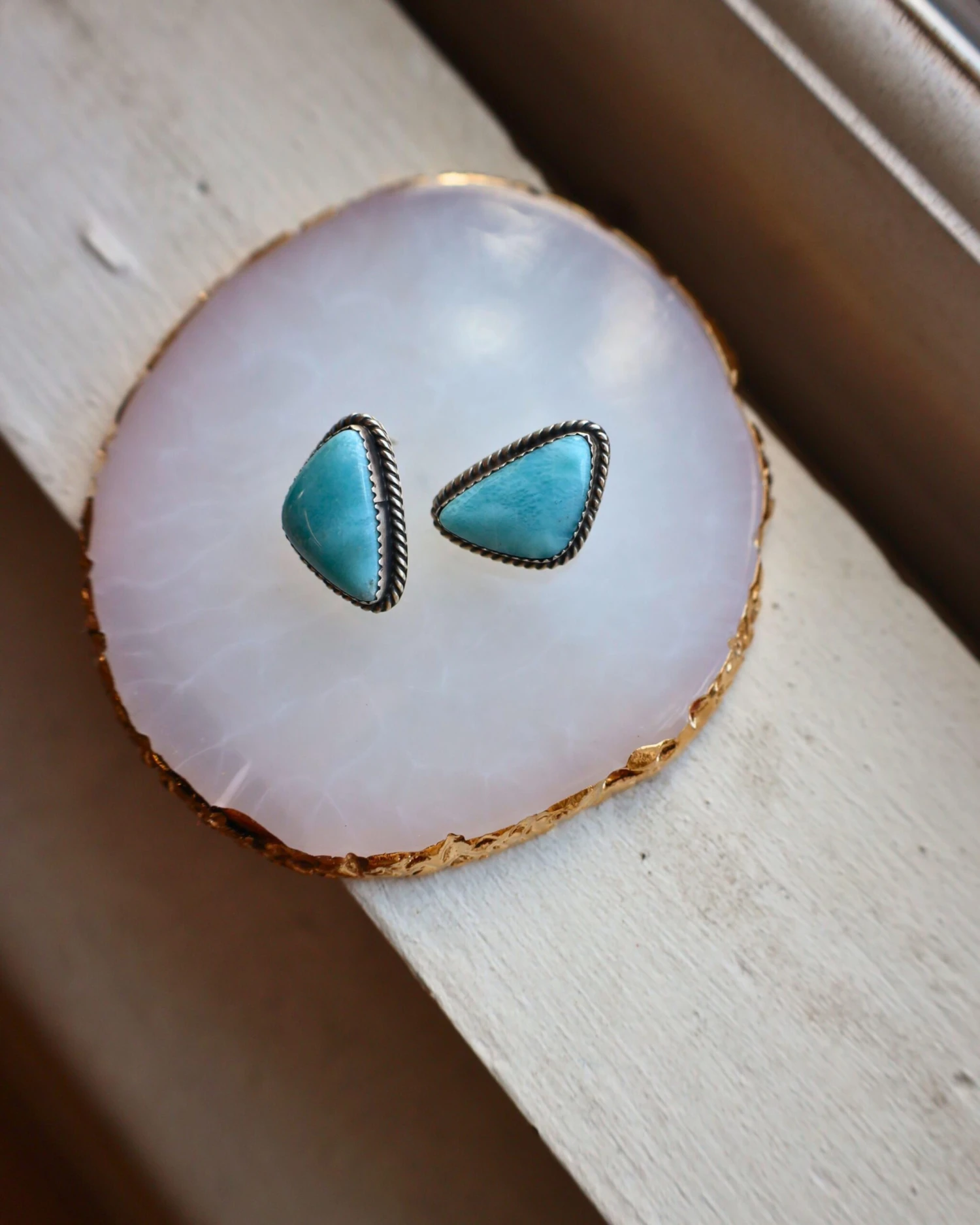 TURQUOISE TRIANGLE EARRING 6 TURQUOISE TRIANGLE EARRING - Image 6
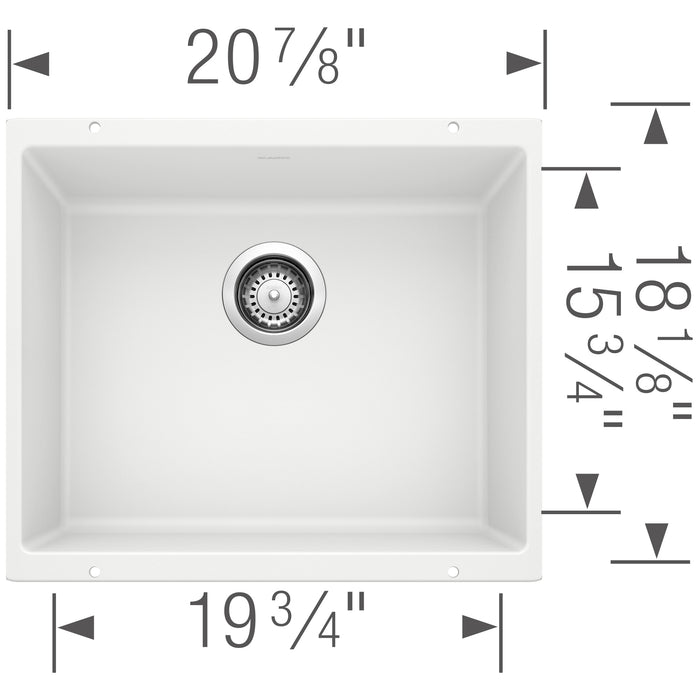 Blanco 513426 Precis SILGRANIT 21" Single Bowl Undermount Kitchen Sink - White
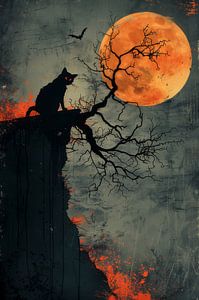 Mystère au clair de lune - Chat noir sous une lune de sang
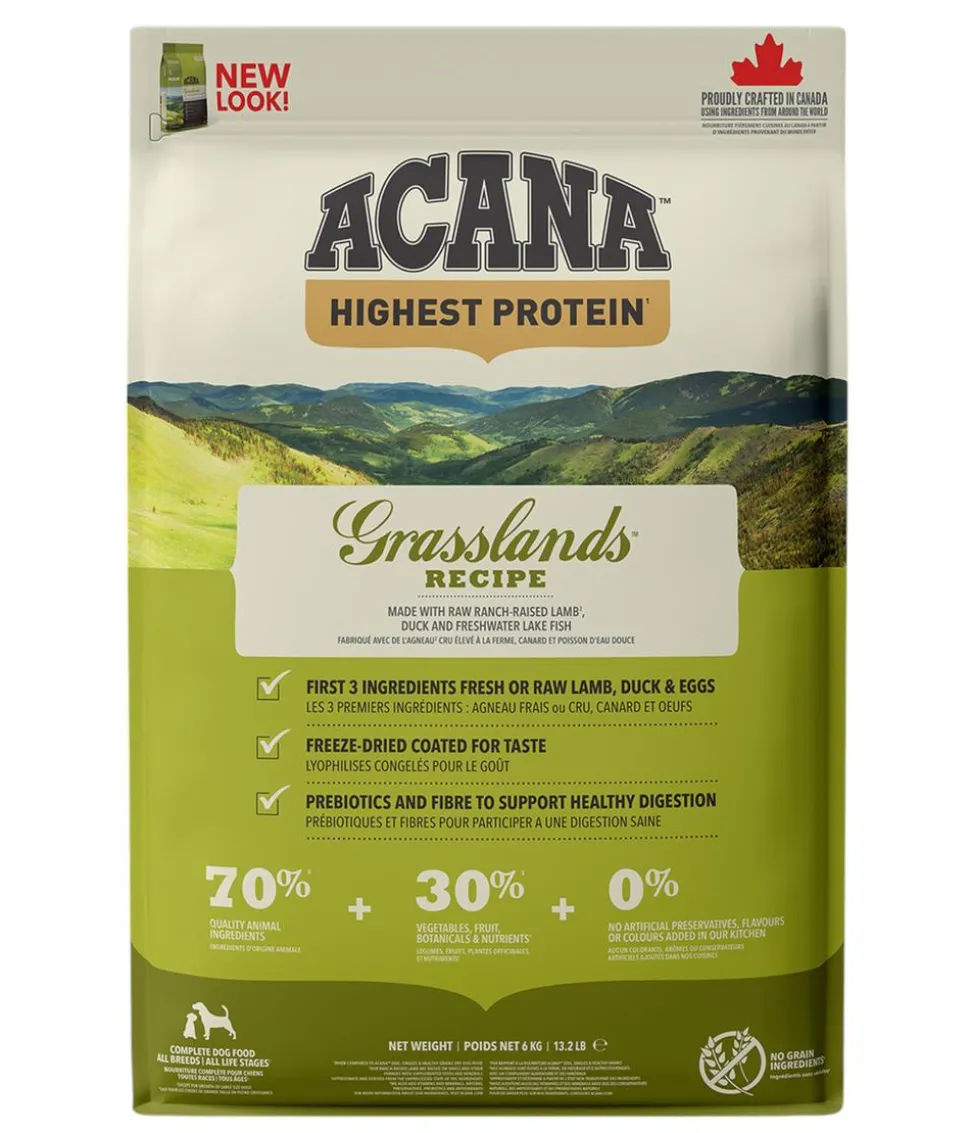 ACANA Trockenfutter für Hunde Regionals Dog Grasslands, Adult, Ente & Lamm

* _ASSIGNMENT_
All of the material shown above needs to be duplicated exactly. Omit every picture.

* _THE COMPLETED TASK_
 TURQUOISE TRIANGLE EARRING 6 TURQUOISE TRIANGLE EARRING - Image 6
 Blanco 513426 Precis SILGRANIT 21" Single Bowl Undermount Kitchen Sink - White
 Mystère au clair de lune - Chat noir sous une lune de sang
 ACANA Trockenfutter für Hunde Regionals Dog Grasslands, Adult, Ente & Lamm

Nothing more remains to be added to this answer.